# Parrots



## redwolf (Sep 13, 2012)

Hi guys, 

Got one more question. I have parrots, which I will more than likely be bringing with me.

Does anyone know what the rules are for importation perhaps? quarantine etc.

And are there any other expats in the central area who have parrots who might want to get together??


----------



## canoeman (Mar 3, 2011)

Start here should be similar Moving Pet Birds Internationally

seem to remember a poster in vets about chipping and parrots where on that.

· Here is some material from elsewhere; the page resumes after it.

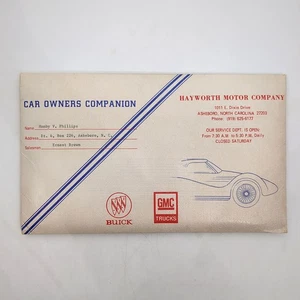 Buick Lesabre 1977  Estate Wagon Electra Riviera Owner's Manual - Bild 1 von 17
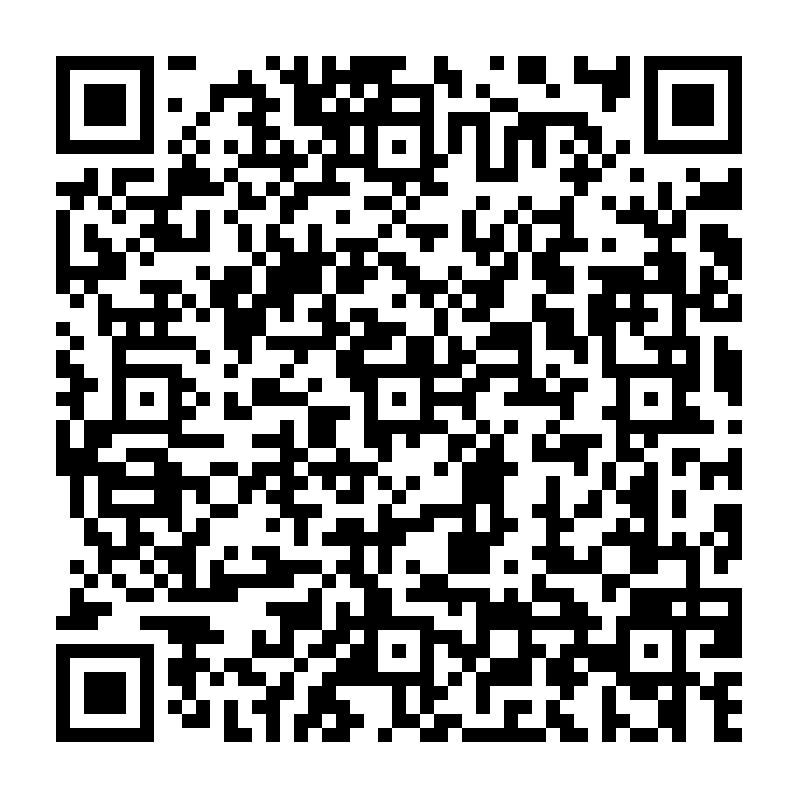 QR код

This is Portugals Vetinary site Direção-Geral de Alimentação e Veterinária some information in English there, specifically birds Direcção-Geral de Veterinária - Conteúdo


----------



## redwolf (Sep 13, 2012)

Many thanks canoeman, will check them out. All my birds are already chipped, so at least one hurdle overcome!!

Red



canoeman said:


> Start here should be similar Moving Pet Birds Internationally
> 
> seem to remember a poster in vets about chipping and parrots where on that.
> 
> This is Portugals Vetinary site Direção-Geral de Alimentação e Veterinária some information in English there, specifically birds Direcção-Geral de Veterinária - Conteúdo


----------



## oronero (Aug 24, 2012)

'Chipped birds', is that like 'chipping' your performance car...so do the birds fly a lot faster and further distances?


----------



## redwolf (Sep 13, 2012)

HAHAHAHAHAHAHAHAHAHAHAHA......................I wish!!


----------